In our earlier post, we discussed the provisions sprinkled throughout the Consolidated Appropriations Act of 2012 (Pub. L. 112-74) that prohibit certain agencies from using federal appropriated funds “to enter into a contract . . .[with] any corporation that was convicted of a felony criminal violation under any Federal law within the preceding 24 months, where the awarding agency is aware of the conviction, unless the agency has considered suspension or debarment of the corporation and made a determination that this further action is not necessary to protect the interests of the Government.” As we noted, this is not a government-wide prohibition, but rather Congress inexplicably included the exclusion provisions in only five of the nine Divisions comprising the Act, and established different standards in the various exclusion provisions.
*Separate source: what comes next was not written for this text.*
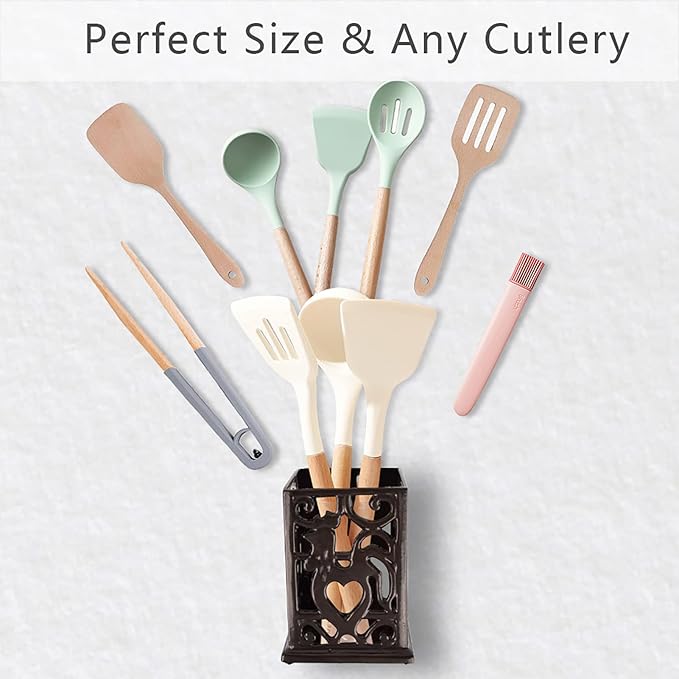 Vintage Utensil Holder for Countertop, Robust Cast Iron Utensil Holder for Kitchen Counter Cooking Tools Crock Spoon and Spatula Holder Organizer, Coffee Gold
Federal agencies are now attempting to implement this requirement. Indeed, contracting officers are particularly concerned as issuance of a contract in violation of the restriction could result in a violation of the Anti-Deficiency Act. The Federal Acquisition Regulatory Council opened a FAR Case and a proposed FAR provision is due to the Council on March 7, 2012. (FAR Case 2012-005). Given the different standards under the Act that apply to different agencies and the complexities underlying appropriations law, this will not be a simple undertaking. 

In the interim, on January 23, 2012, the DoD’s Director of Defense Procurement and Acquisition Policy issued a DFARS class deviation effective immediately that imposes a new certification requirement on contractors in an effort to comply with the Appropriations restriction. The deviation established DFARS 252.209-7999 to be used whenever the agency is using FY 2012 funds and requires that all offerors on DoD contracts complete the following representation:

The Offeror represents that –

It is [ ] is not [ ] a corporation that was convicted of a felony criminal violation under Federal law within the proceeding 24 months.

DoD’s implementation still leaves some open questions. For example, DoD’s interim certification appears to assume the restriction only applies to “the offeror.” The statute, however, is ambiguous as to whether it is limited to the contractor or applies to all affiliated entities under the same corporate umbrella. Further, the DFARS deviation is required to be included on all solicitations, but both the statute and DoD’s class deviation are unclear as to whether this restriction applies to new task or delivery orders under existing contracts. Thus, even though DoD and other agencies are diligently working to clarify the Act’s requirements, many questions remain. It will be interesting to see how the FAR Council proposes to manage this unruly statutory scheme.